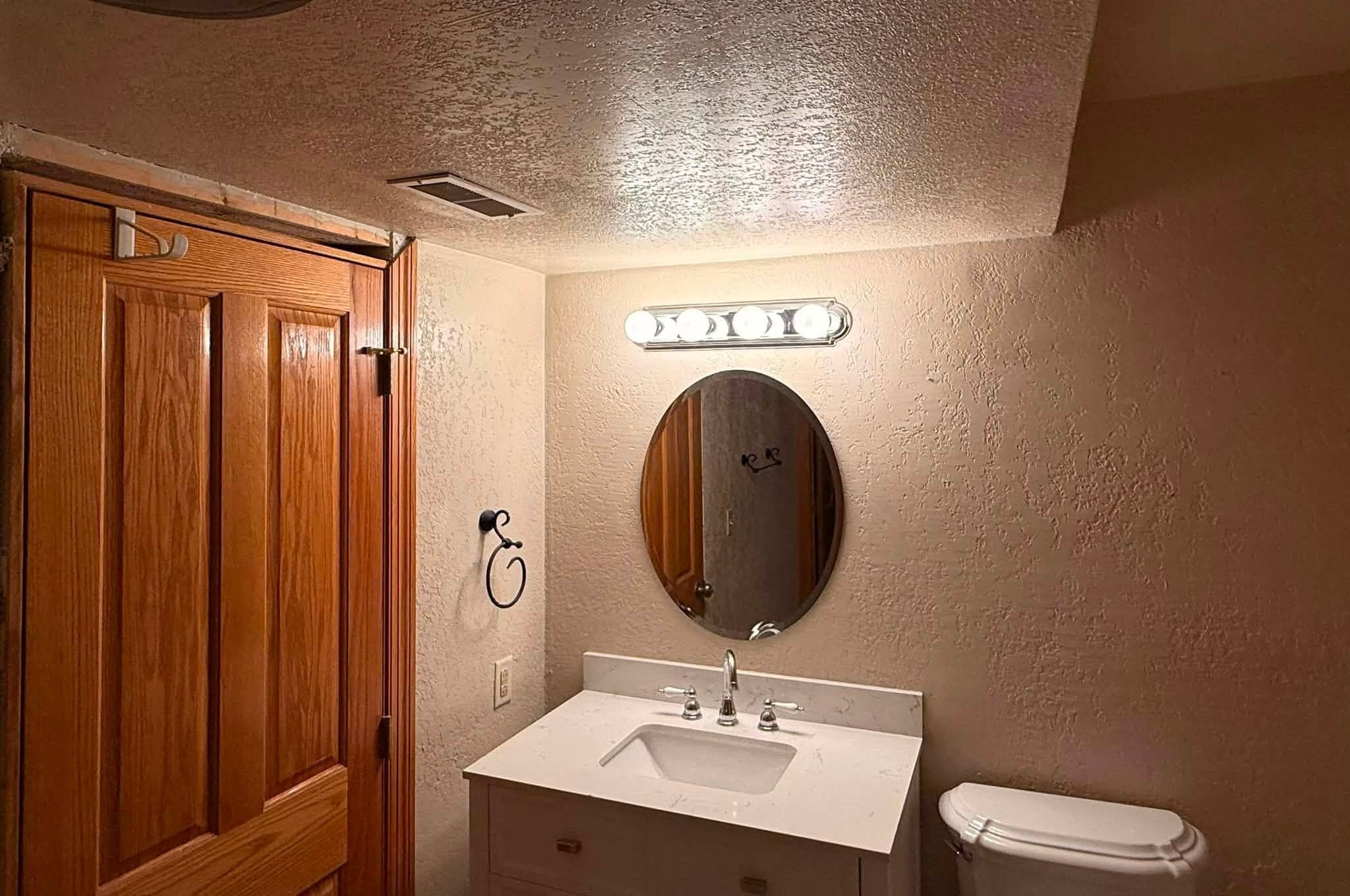 A finished bathroom with an oak door, a basin and vanity under an oval mirror and a four-bulb light bar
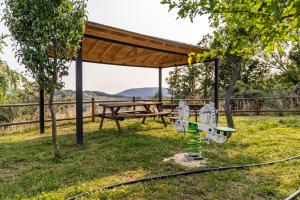 a picnic shelter with a picnic table and a bench at Casa de turismo rural Sardom2 in Bembibre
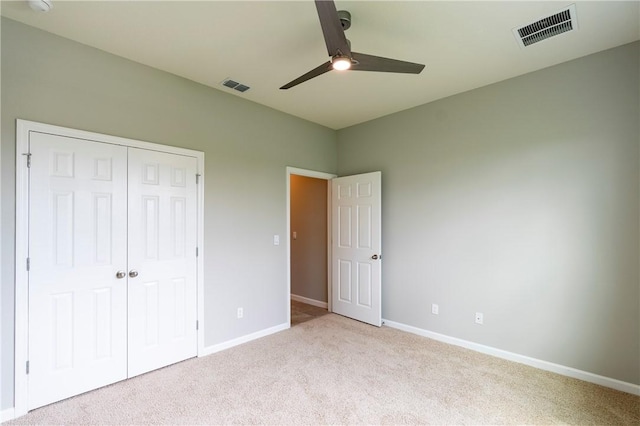 2115 Crowned Eagle Cir SW, Vero Beach, FL 32962 - unfurnished bedroom featuring carpet, a closet, and a ceiling fan
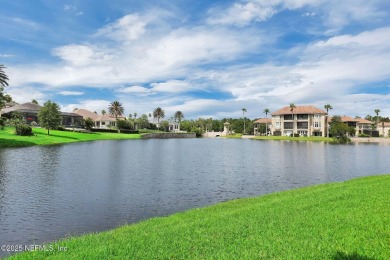 This elegant David Weekley home offers panoramic water views on The Palencia Club in Florida - for sale on GolfHomes.com, golf home, golf lot
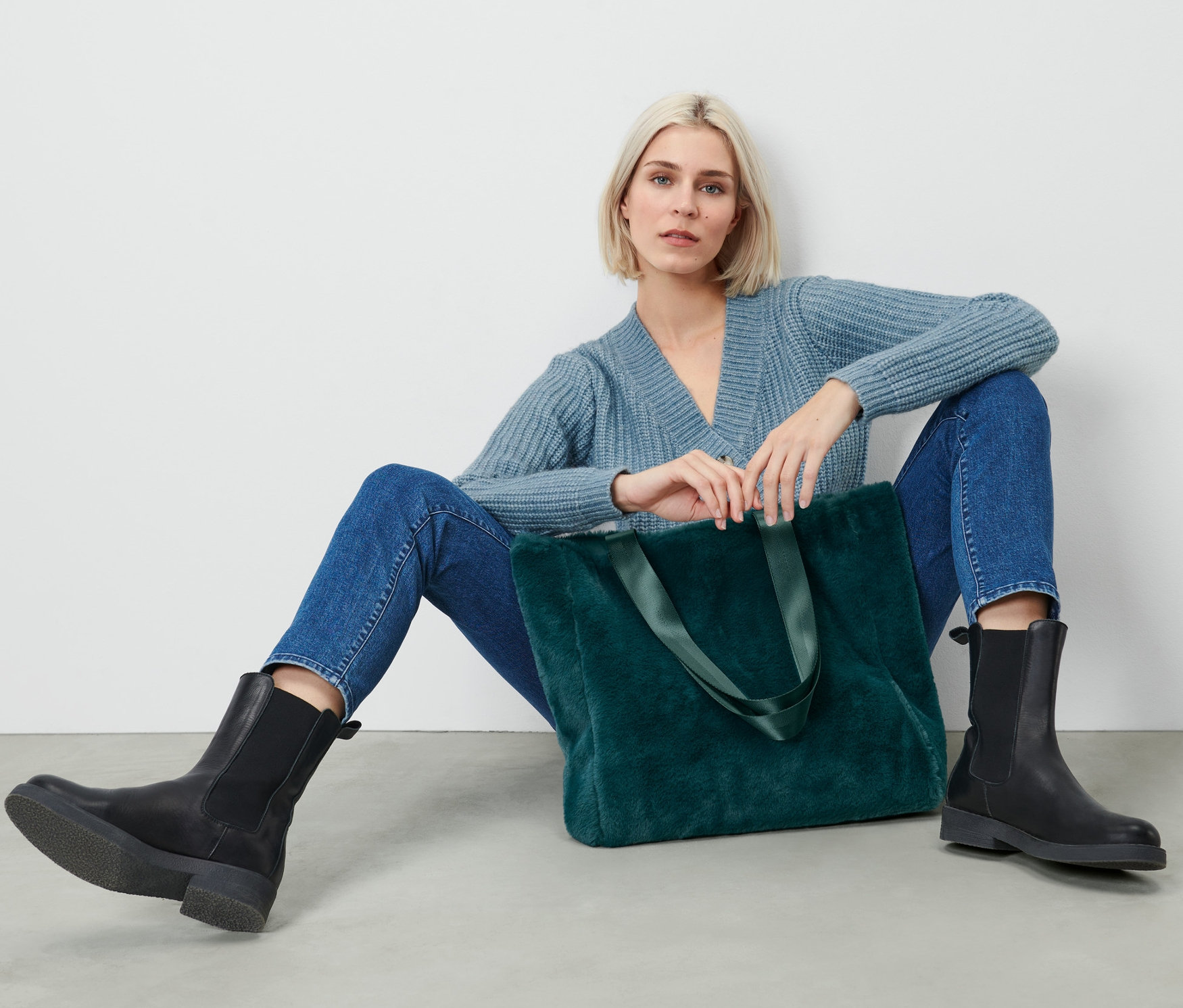 Frau sitzt mit Teddy-Tasche.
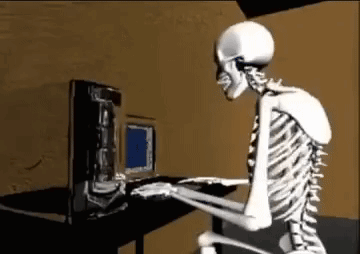 A Skeleton Is Sitting At A Desk Typing On A Computer . GIF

........

» **What is expected**
Leave out the pictures and retype every line above exactly.

» **Answer box**
 A finished bathroom with an oak door, a basin and vanity under an oval mirror and a four-bulb light bar
 a picnic shelter with a picnic table and a bench at Casa de turismo rural Sardom2 in Bembibre
 2115 Crowned Eagle Cir SW, Vero Beach, FL 32962 - unfurnished bedroom featuring carpet, a closet, and a ceiling fan
 This elegant David Weekley home offers panoramic water views on The Palencia Club in Florida - for sale on GolfHomes.com, golf home, golf lot
 Frau sitzt mit Teddy-Tasche.
 A Skeleton Is Sitting At A Desk Typing On A Computer . GIF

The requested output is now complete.